The statement included a general promise to impose "costs and consequences" on any person, group or government using cyberattacks to threaten the U.S. or its interests. Obama wasn't any more specific.
"They caused a lot of damage, and we will respond," Obama said. "We will respond proportionally, and we'll respond in a place and time and manner that we choose. It's not something that I will announce here today at a press conference."
North Korea has denied it was involved but praised the hacking as a "righteous deed." On Friday, a North Korean diplomat to the United Nations, Kim Un Chol, declined to comment on the American accusations.
In a taunting new email, the hackers told Sony that executives were "very wise" to cancel the movie's release and said they planned no further disclosures of Sony's confidential materials "as long as you make no more trouble." The message warned Sony never to release the film "in any form," including on DVD.
In Hollywood, Clooney said the entertainment industry should push for immediate release of "The Interview" online.
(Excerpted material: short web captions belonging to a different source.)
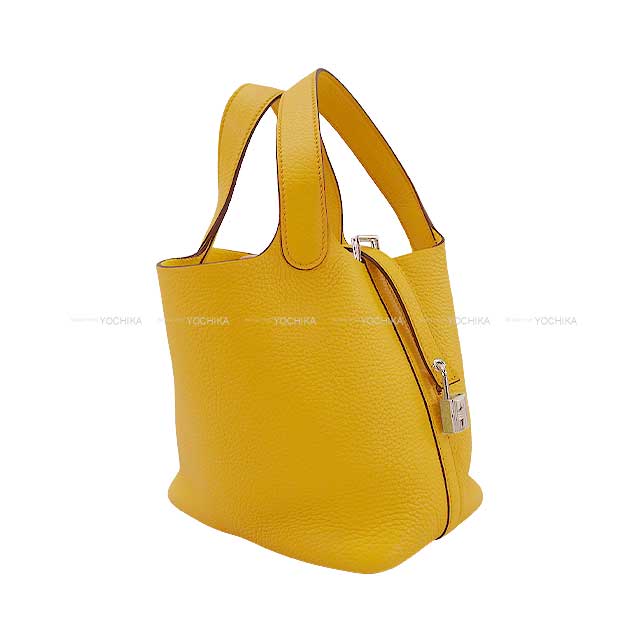 HERMES Handbag Picotin Lock 18 PM Sun Taurillon Clemence Silver HW Stamp
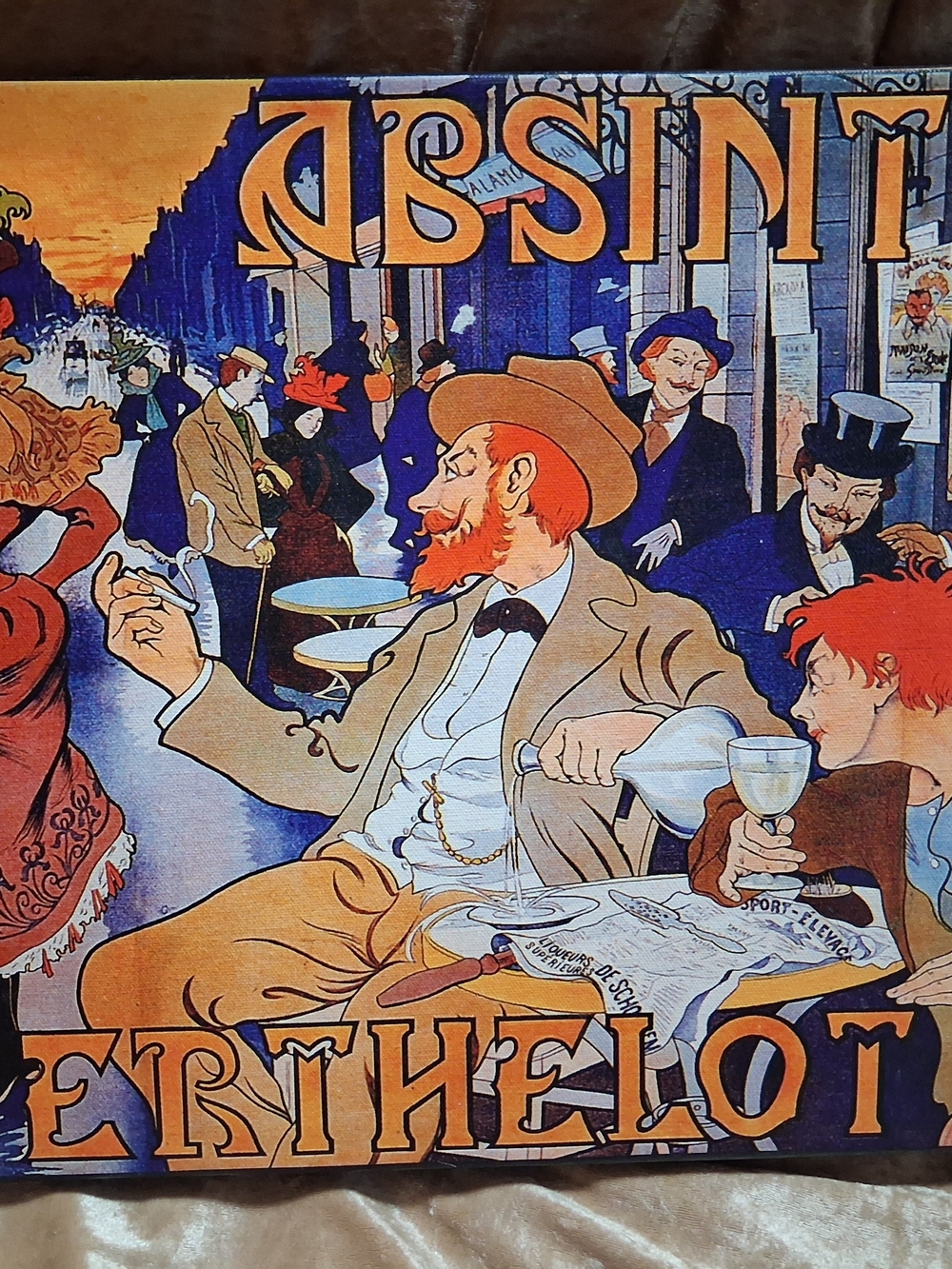 Absinthe Vintage Art Print On Canvas - Orange and Blue.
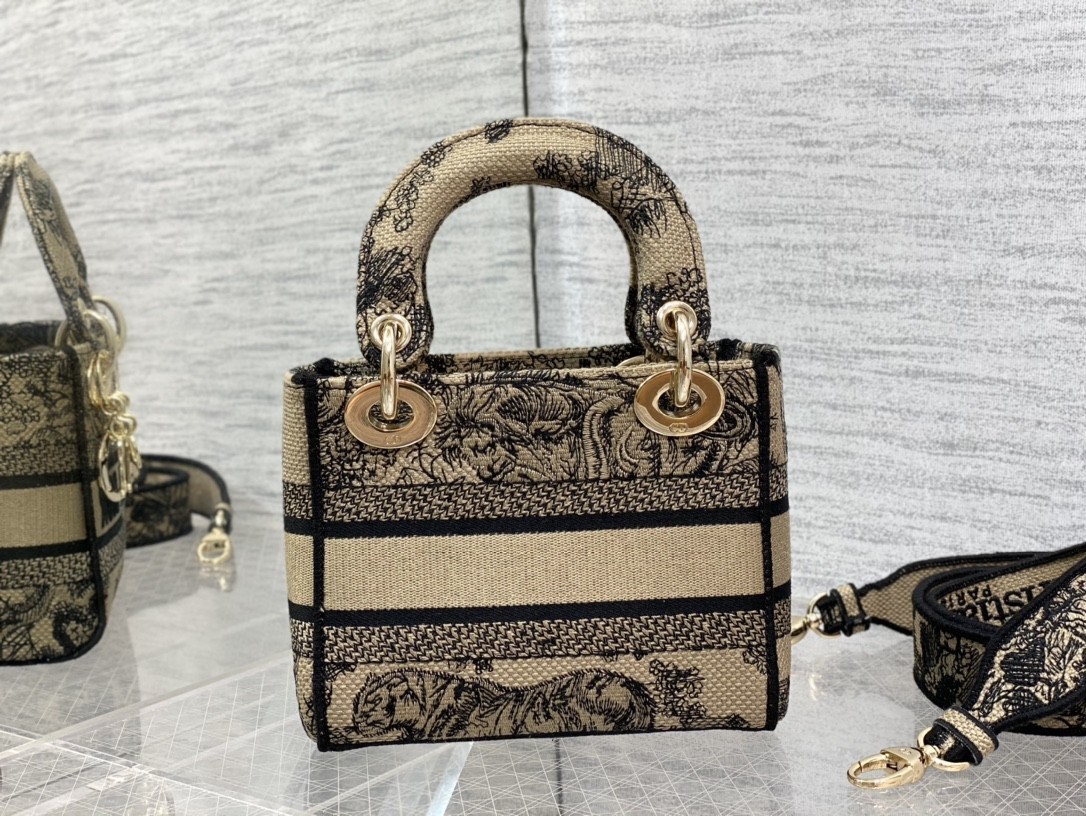 Dior Mini Lady D-Lite Bag In Brown Toile de Jouy Embroidery 985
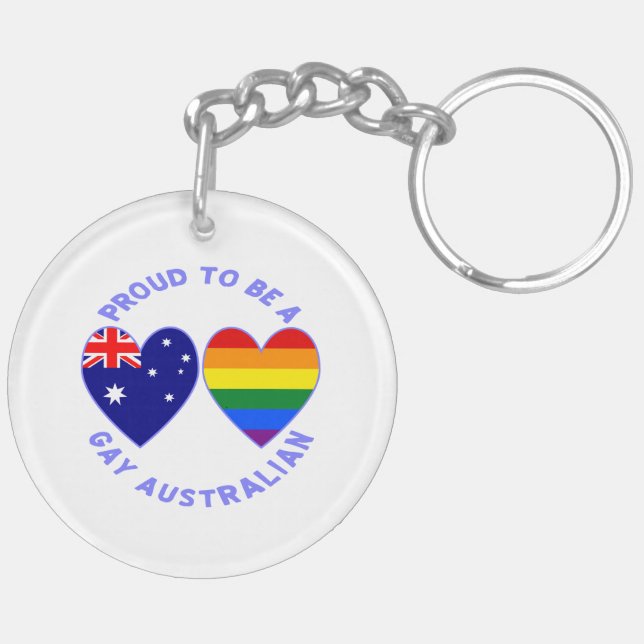 Porte-clefs Fier d'être gay drapeau du coeur australien (Dos gauche)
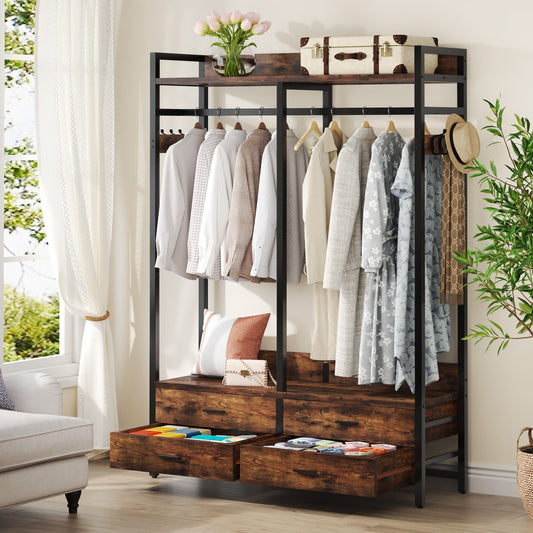 Freestanding Closet Organizer, Garment Rack with Drawers & Shelves Tribesigns
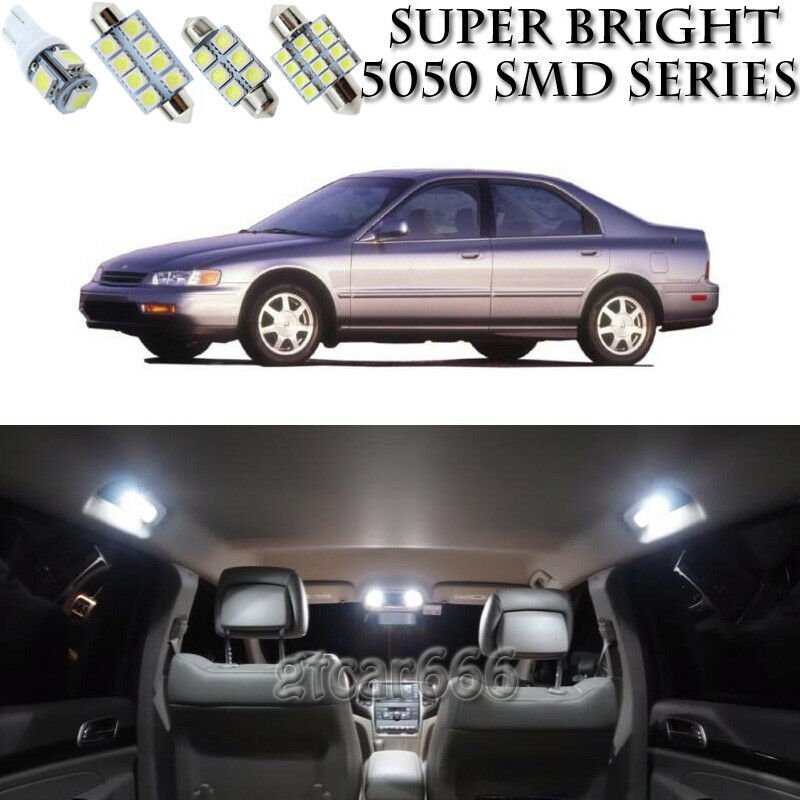 11x Xenon SMD White LED Interior Light Package Kit For 1994-1997 Honda Accord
In an interview with the trade site Deadline, Clooney urged Sony to "do whatever you can to get this movie out. Not because everybody has to see the movie, but because I'm not going to be told we can't see the movie. That's the most important part."
Penn said: "By caving to the outside threat, we make our nightmares real. The decision to pull 'The Interview' is historic. It's a case of putting short-term interests ahead of the long term."
The evidence implicating North Korea previously was described as largely circumstantial, including unspecified clues in the hacking tools left behind and the involvement of at least one computer in Bolivia previously traced to other attacks blamed on North Korea. Now, the FBI said, clues included similarities to other tools developed by North Korea in specific lines of computer code, encryption algorithms and data deletion methods. More significantly, the FBI discovered that computer Internet addresses known to be operated by North Korea were communicating directly with other computers used to deploy and control the hacking tools and collect the stolen Sony files.
The FBI noted in its statement that it worked closely on the investigation with "other U.S. government departments and agencies." Those included the National Security Agency, a person familiar with the case said on condition of anonymity because some information NSA was providing in the case was highly classified.
An internal FBI investigative document obtained by The Associated Press identified the computers in the Sony hacking as operating in New York, Thailand, Poland, Italy, Bolivia, Singapore and Cyprus. At least three were still functioning Friday, responding online to Internet test signals transmitted by the AP. The hackers previously published some of the stolen materials with a message that included five addresses using an anonymous email service in France.
"I think the administration is going to look for other ways that we can press financial pain on the leadership of the regime and its cronies," said Rep. Adam Schiff, D-Calif., a member of the House intelligence committee. "There are ways to turn the screws on the regime even further. I think there are real risks in having a cyberresponse because we have a lot more to lose than the North Koreans if we get into a cyberwar."
Schiff, whose congressional district includes major movie studios, added: "I'd love to see wide distribution of the film, in Korean and English."